■ How to complete this task
Return the data below in full and exactly, except that the pictures are dropped.

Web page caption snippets
▽

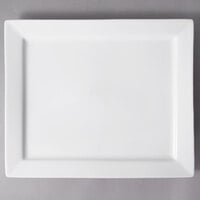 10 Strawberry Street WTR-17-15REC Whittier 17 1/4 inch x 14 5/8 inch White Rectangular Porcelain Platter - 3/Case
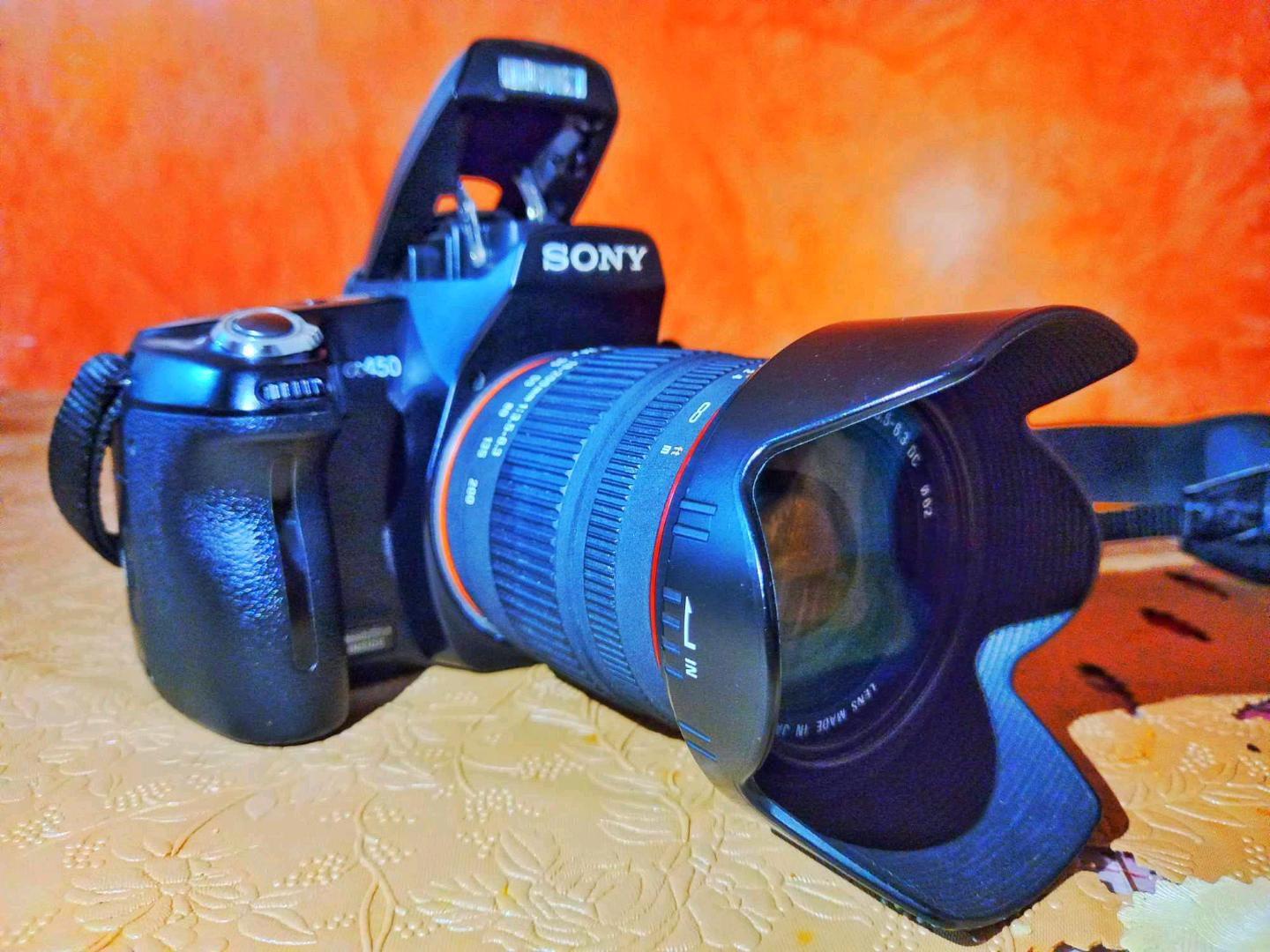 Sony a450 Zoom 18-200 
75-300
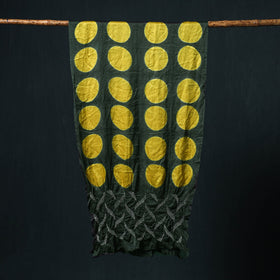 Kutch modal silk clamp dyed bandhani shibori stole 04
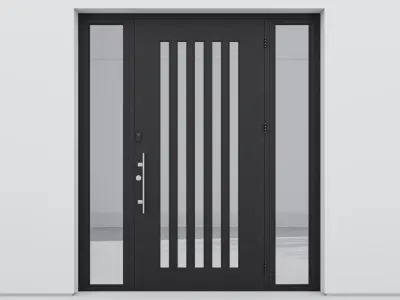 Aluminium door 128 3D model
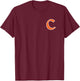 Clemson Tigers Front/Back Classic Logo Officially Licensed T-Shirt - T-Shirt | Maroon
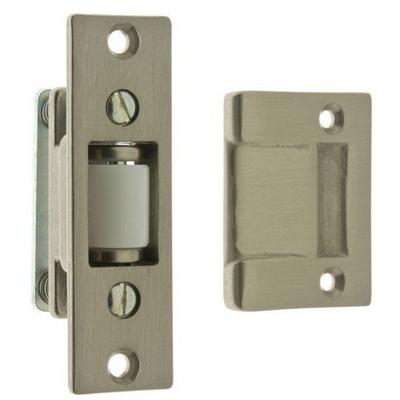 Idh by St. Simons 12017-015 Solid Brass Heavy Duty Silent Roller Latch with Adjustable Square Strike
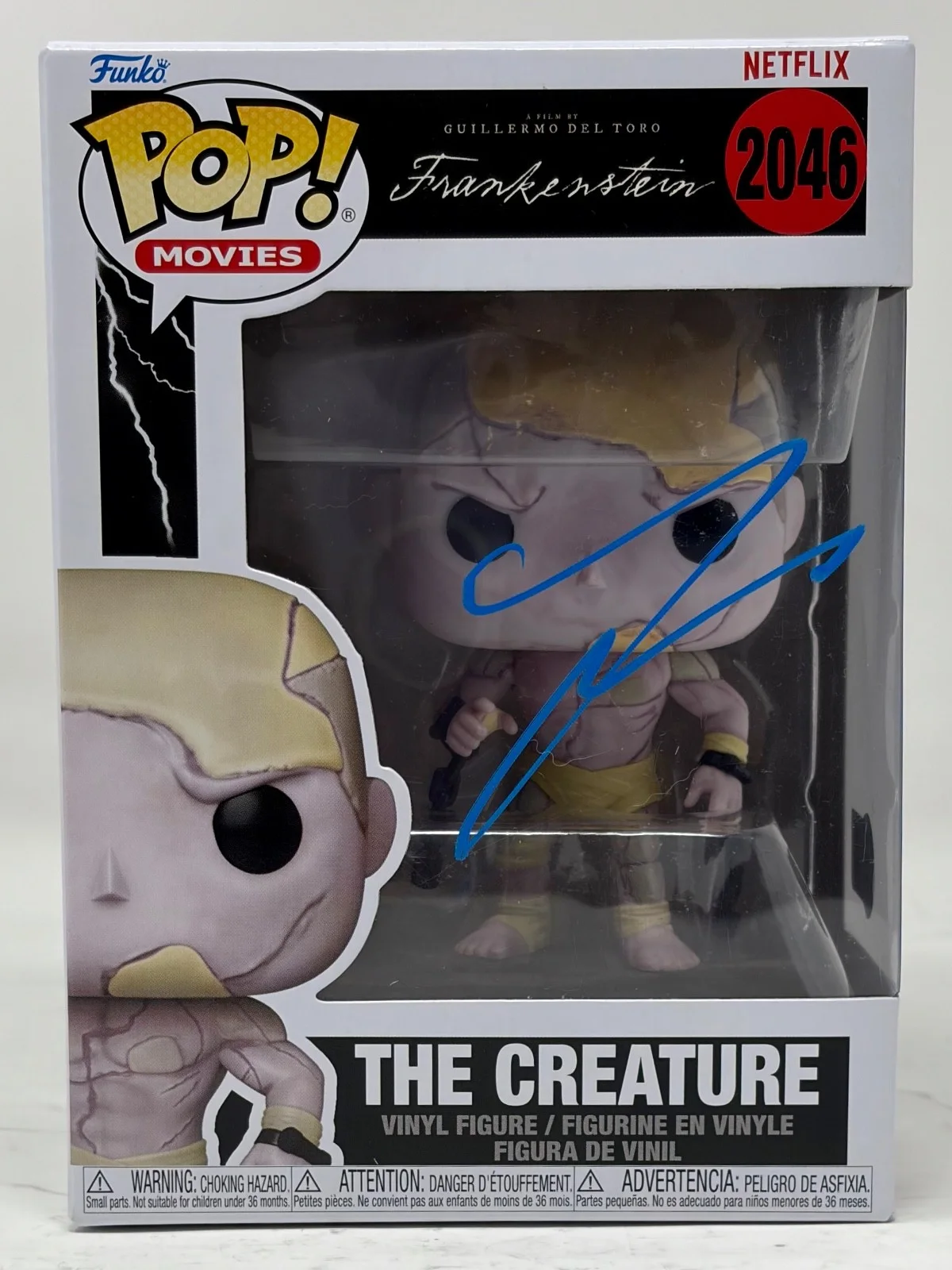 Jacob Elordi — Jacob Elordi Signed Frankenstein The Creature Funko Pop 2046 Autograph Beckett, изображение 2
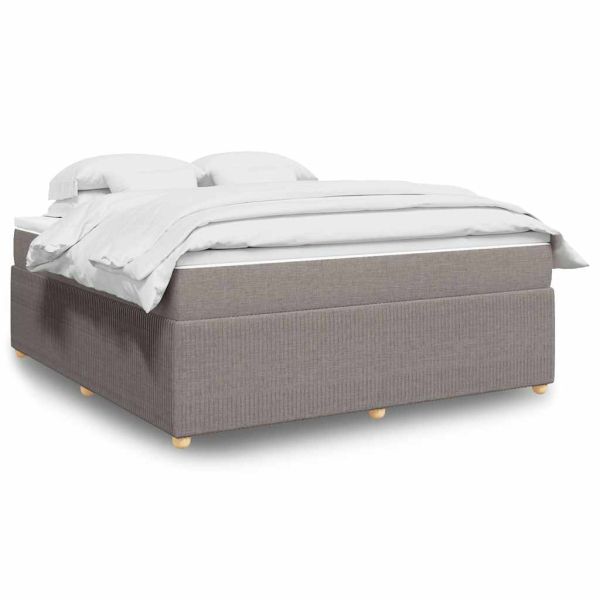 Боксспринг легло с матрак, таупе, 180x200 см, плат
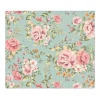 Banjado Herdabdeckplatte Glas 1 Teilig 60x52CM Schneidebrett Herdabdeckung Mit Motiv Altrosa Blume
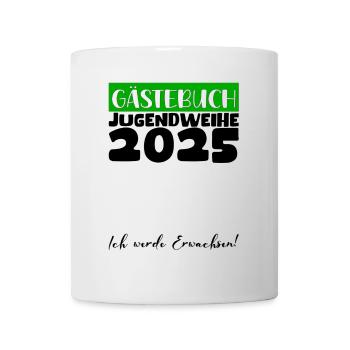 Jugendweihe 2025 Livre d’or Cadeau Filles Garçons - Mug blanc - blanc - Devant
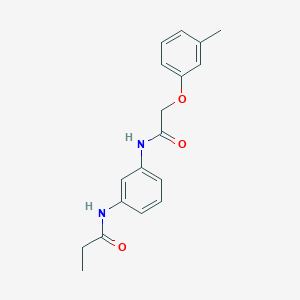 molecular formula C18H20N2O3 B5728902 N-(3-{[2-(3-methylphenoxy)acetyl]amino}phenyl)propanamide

△

■ Answer for the task
 10 Strawberry Street WTR-17-15REC Whittier 17 1/4 inch x 14 5/8 inch White Rectangular Porcelain Platter - 3/Case
 Sony a450 Zoom 18-200 
75-300
 Kutch modal silk clamp dyed bandhani shibori stole 04
 Aluminium door 128 3D model
 Clemson Tigers Front/Back Classic Logo Officially Licensed T-Shirt - T-Shirt | Maroon
 Idh by St. Simons 12017-015 Solid Brass Heavy Duty Silent Roller Latch with Adjustable Square Strike
 Jacob Elordi — Jacob Elordi Signed Frankenstein The Creature Funko Pop 2046 Autograph Beckett, изображение 2
 Боксспринг легло с матрак, таупе, 180x200 см, плат
 Banjado Herdabdeckplatte Glas 1 Teilig 60x52CM Schneidebrett Herdabdeckung Mit Motiv Altrosa Blume
 Jugendweihe 2025 Livre d’or Cadeau Filles Garçons - Mug blanc - blanc - Devant
 molecular formula C18H20N2O3 B5728902 N-(3-{[2-(3-methylphenoxy)acetyl]amino}phenyl)propanamide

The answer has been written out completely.